Our novel bioreactor is built to sustain long-term multiaxial stretching to engineered vessels during in vitro growth in a sterile environment. This biaxial bioreactor therefore allows us to elucidate the impact of specific mechanical conditions on ECM properties through side-by-side comparison of different mechanical stimuli within the same biochemical environment.
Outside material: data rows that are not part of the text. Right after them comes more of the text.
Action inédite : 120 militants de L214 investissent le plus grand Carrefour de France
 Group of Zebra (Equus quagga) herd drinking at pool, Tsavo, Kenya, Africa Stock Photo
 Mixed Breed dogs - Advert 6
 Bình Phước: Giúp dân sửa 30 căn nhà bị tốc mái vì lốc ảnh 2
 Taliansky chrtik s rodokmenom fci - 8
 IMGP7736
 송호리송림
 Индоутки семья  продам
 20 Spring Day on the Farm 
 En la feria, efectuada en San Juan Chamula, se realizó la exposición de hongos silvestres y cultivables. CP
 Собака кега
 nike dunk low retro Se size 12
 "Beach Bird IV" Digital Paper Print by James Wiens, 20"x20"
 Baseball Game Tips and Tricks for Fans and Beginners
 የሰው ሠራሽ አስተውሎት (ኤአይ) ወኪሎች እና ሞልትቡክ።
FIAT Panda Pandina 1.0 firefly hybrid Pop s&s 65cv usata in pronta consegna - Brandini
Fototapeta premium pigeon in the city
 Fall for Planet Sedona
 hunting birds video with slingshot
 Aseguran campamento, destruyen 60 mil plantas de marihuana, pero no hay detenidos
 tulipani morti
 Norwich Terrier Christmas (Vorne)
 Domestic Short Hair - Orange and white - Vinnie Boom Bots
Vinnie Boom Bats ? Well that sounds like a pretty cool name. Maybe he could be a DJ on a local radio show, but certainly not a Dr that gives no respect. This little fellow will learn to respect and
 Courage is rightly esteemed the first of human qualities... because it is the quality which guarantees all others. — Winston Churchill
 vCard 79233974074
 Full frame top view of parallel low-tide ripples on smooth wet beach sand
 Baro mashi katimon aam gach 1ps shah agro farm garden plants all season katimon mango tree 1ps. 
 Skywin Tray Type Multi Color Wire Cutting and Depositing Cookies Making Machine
Most commercial bioreactors are not designed to apply multi-axial loading while supporting long-term tissue regeneration. Bose ElectroForce BioDynamic applies multiaxial mechanical stresses primarily for testing and characterizing material properties of tissue samples. Similarly, Instron LumeGen^® Chambers (TGT) are designed for vascular tissue culture, but cannot apply multiaxial loads. The LumeGen Chambers share some features with our bioreactor system, but the LumeGen does not apply cyclic axial stretching or biaxial loading. Therefore, our biaxial bioreactor combines the strengths of both the Bose and the Instron systems. This biaxial bioreactor applies long-term multiaxial loading and has also been optimized for neotissue regeneration. In addition, the cost of our biaxial bioreactor is roughly10-fold lower than commercial bioreactors. Low cost, versatility, and reliability also may make this biaxial bioreactor attractive to research laboratories.

Conclusions

In summary, the current study describes the design and construction of a novel bioreactor system that is designed to apply biaxial stretch to TEVs to better simulate physiological conditions of native arteries. We showed that biaxial loading results in mature extracellular elastin as well as undulated collagen fibers. Both elastin and collagen structure contribute to vascular mechanics, such as compliance and mechanical strength.^16,24,25 Therefore, additional studies are required to understand the impact of functional elastin and undulated collagen on the mechanics of biaxial TEVs. In conclusion, our study shows that biaxial stretching is a novel and valuable means to regenerate TEVs with improved physiologic properties.

Acknowledgments

This work was supported by NIH R01 HL083895-06A1 and R01 1U01HL111016-01 (both to L.E.N.).

Disclosure Statement

L.E.N. has a financial interest in Humacyte, Inc., a regenerative medicine company. Humacyte did not fund these studies, and Humacyte did not affect the design, interpretation, or reporting of any of the experiments herein.